Un caro saluto, Cristina P.

giuliana

mi spiace di aver trovato solo ora questo articolo,ti voglio bene anche se non ti conosco.Io assumo  quotidianamente  capsule di  estratto di mirtillo da anni(acquistate in erboristeria), non mi tornano più da moltissimo tempo; faccio mattina e pomeriggio, a volte anche la sera  soprattutto d'estate, doccie calde-fredde dai piedi   fino alle ginocchia  per tre-quattro minuti , questo "massaggio" rivitalizza tutto il sistema linfatico e ti senti benissimo.Crema alla calendula spalmata come spieghi tu anche un pochino all'interno:fantastica :provatela.Grazie di nuovo a presto.

 

Ciao!!!! Ebbene si, anch'io faccio parte dei...proctosfigati!!! Io ho trovato una netta diminuizione di "attacchi" di emorroidi (io li chiamo "bargigli")utilizzando per una decina di giorni una volta al mese come cura preventiva, Arvenum pastiglie.
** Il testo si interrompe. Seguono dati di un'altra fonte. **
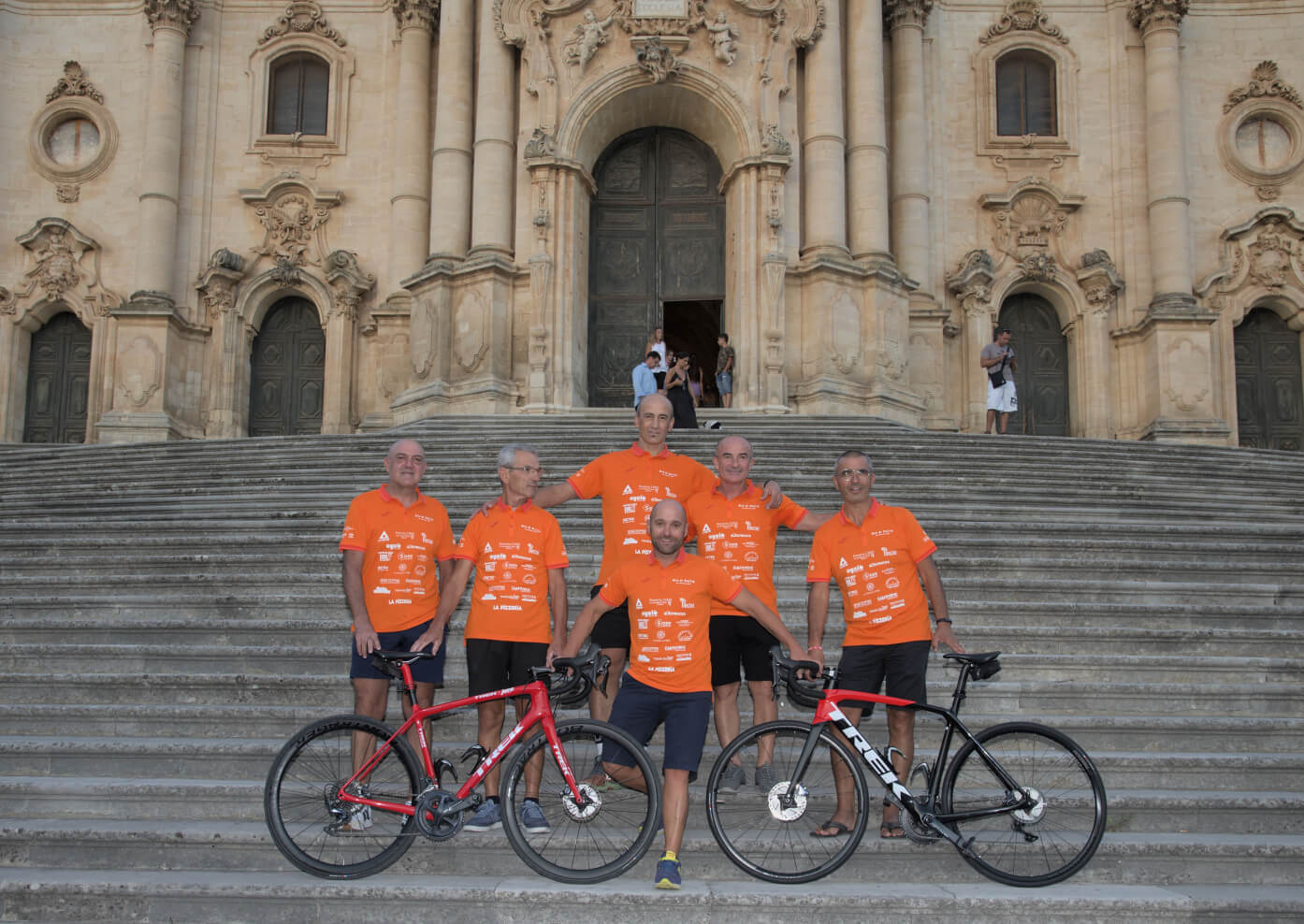In bici nei luoghi più belli della Sicilia, domani sei ciclisti modicani per sei giorni in giro per la Trinacria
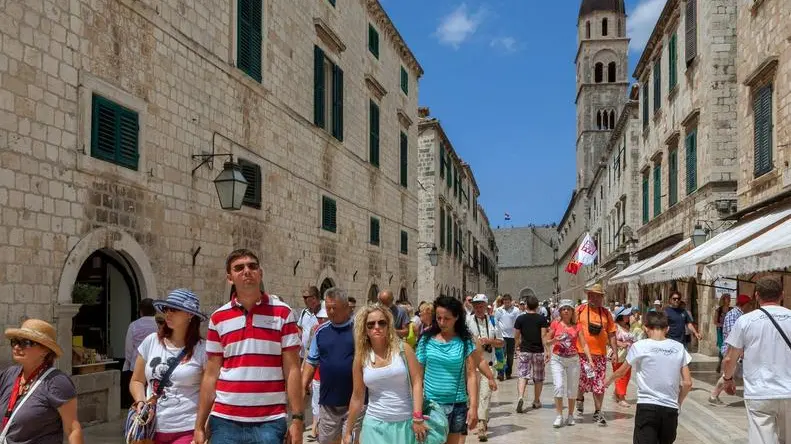 Tourists walk the streets of the old town of Dubrovnik, Croatia, 28 June 2013. Croatia will join the European Union on 1 July 2013 with fireworks and fanfare, but also many questions about whether it is ready to live up to the standards to which it professes. ANSA/STRINGER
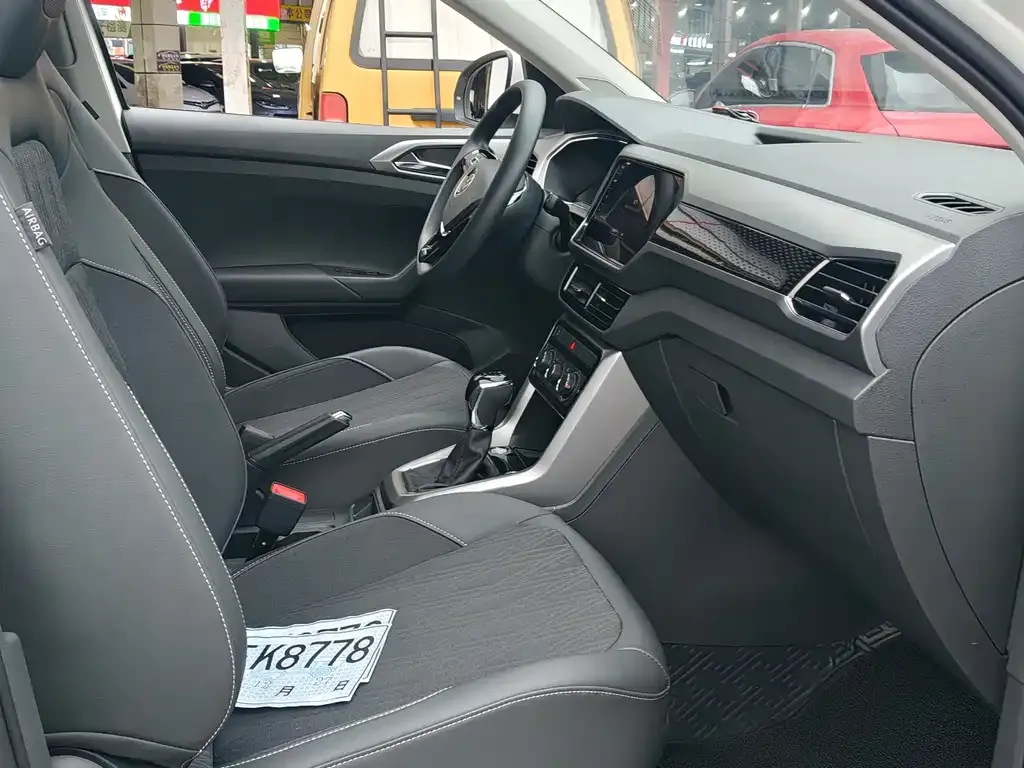 Volkswagen T-Cross — фото 9
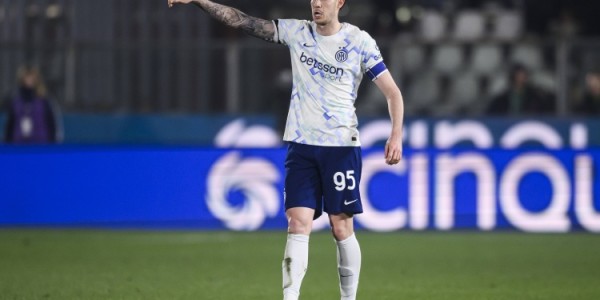 开云体育-罗马诺：巴萨已经开始接触巴斯托尼，国米要价不会低于5000万欧元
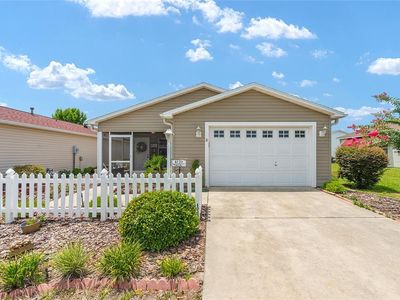 2734 Moncayo Ave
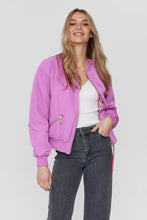 Load image into Gallery viewer, Numph Nuellinora bomber jacket Bodacious
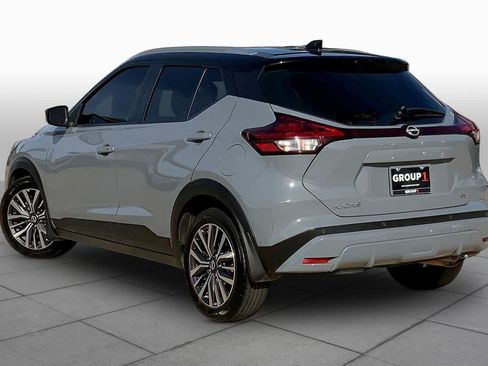 Used 2023 Nissan Kicks SV FWD image 12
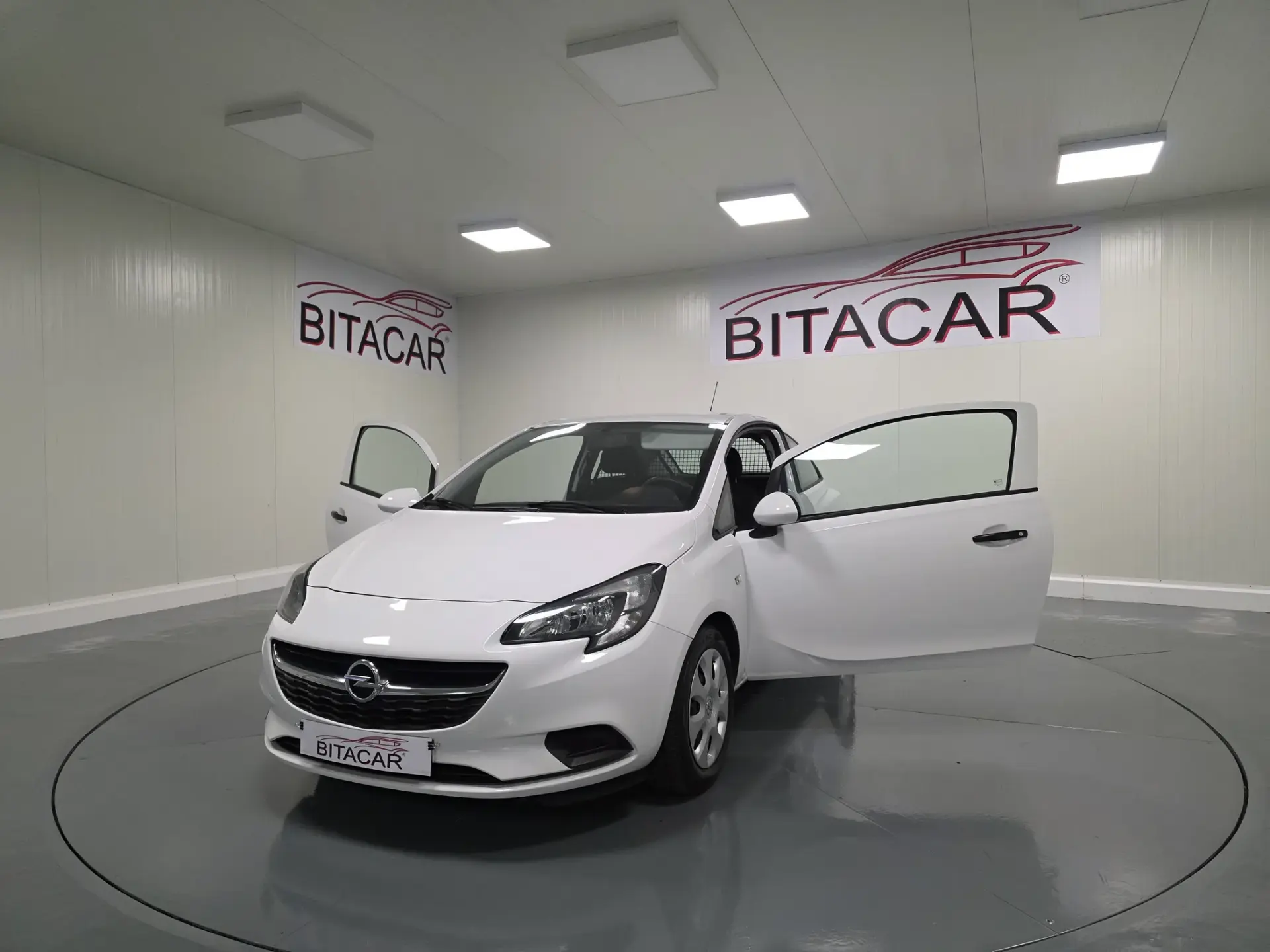 Opel Corsa 1.3 CDTI VAN IVA DEDUTIVEL 3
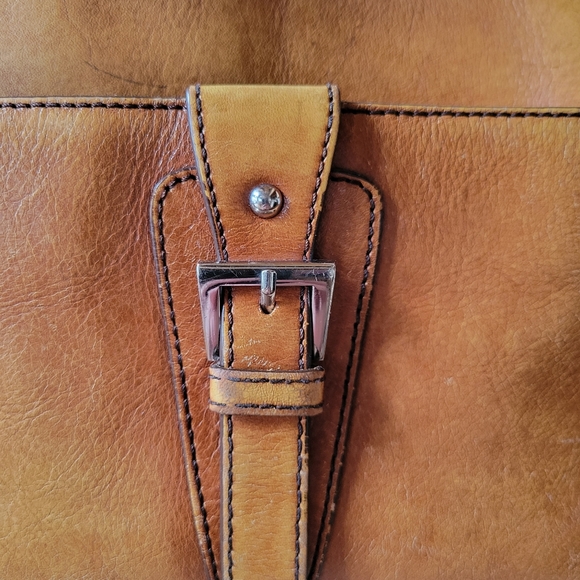Vintage Etienne Aigner leather purse. - Picture 2 of 12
Non potrei mai utilizzare una supposta! il solo pensiero mi fa venire i brividi. Devo dire che quando ho queste crisi sto malissimo ma fortunatamente il dolore mi dura solo un giorno poi quando rientrano... ragazzi... è come un parto! un dolore fortissimo che fortunatamente dura pochi secondi e poi la gioia, resta solo un intenso bruciore per un paio di giorni ma il dolore non c'è più ed è veramente il paradiso! i miei bargigli però, non sono causa di un'alimentazione sbagliata o di stitichezza anzi, semmai è il contrario,
ma del forte stress a cui a volte vengo sottoposta. Ti ringrazio per tutti gli altri consigli che subito metterò in atto e complimenti per il sito. Bacioni a te e a tutti voi. Raf

devo decidere se fare l'intervento o tenere duro seguendo le vs eroiche piste/peste.che fare????io vado a aesculum composè boiron gocce e supposte, flavonoidi fluidificanti il sangue se smetto son dolori (e sangue)ce la farò a seguire la draconiana regola di jacopo??e poi per me si tratta ormai di anni,non pochi...emarang

Ciao, avendo letto un po' tutte le disavventure degli amici "emorroidali", vorrei dare il mio piccolo contributo. Circa tre mesi fa', a seguito di un terribile sforzo "evacquativo", quello che per una VENTINA DI ANNI era stato solo un sanguinamento, a volte anche abbondante, si trasformo' in dolore abbastanza forte all'ano!!! Un giorno a casa buono buono eppoi visita dalla gastroenterloga (giovane e carina con due tirocinanti al seguito...). Nulla di particolarmente grave secondo lei, ma...il dolore e il sanguinamento persistevano nonostante l'uso di 2 pomate, Luan e Nefluan, e di compresse per tonificare le vene delle quali non ricordo il nome. Dieta, lavaggi con acqua fredda e meno ore seduto. Ora premesso che faccio l'autista e guidare in piedi proprio non mi riesce, l'unica disattenzione ai consigli del medico fu' solo questa. Ma nessun miglioramento particolare. Un bel giorno un caro amico mi disse: " Ma che stai a fà? Ancora co' ste' medicine?" E mi consigliò un farmaco omeopatico: r13 di Dr.Reckeweg fiale bevibili da fare però intramuscolo o sottocutaneo. Dopo i primi due o tre giorni di lieve accentuazione del dolore il tutto è praticamente scomparso. Niente sangue, niente dolore, niente bruciore. Una fiale a giorni alterni da tre mesi la sera prima di andare a ninna, attenzione al mangiare e al bere (no superalcoolici, poco vino e birra, no insaccati, no spezie, al fumo non ho rinunciato!). Per il momento aspetto che si riducano anche quelle esterne e poi diminuirò la dose a due fiale a settimana. Poi una al mese di mantenimento. Finquì direi risultato incredibile! Unica controindicazione: 10 fiale €28,60. SIC... ciao ciao

Ciao Biffio, mi piacerebbe sapere come va con la cura che stai seguendo tu. Sono interessata all'effetto delle fiale r13 del Dr. Reckeweg perchè da circa due mesi vivo malissimo con questo fastidio quotidiano. Svolgo anch'io un lavoro sedentario ho la possibilità di alzarmi ogni mezz'ora e nonostante abbia seguito i consigli di Jacopo (alternanza creme Fitoroid, Avenoc, supposte Avenoc - dieta - lettura e tentantivo di applicare i principi di Claudia Rainville) sono un po' stanca. Grazie per i chiarimenti. Ciao.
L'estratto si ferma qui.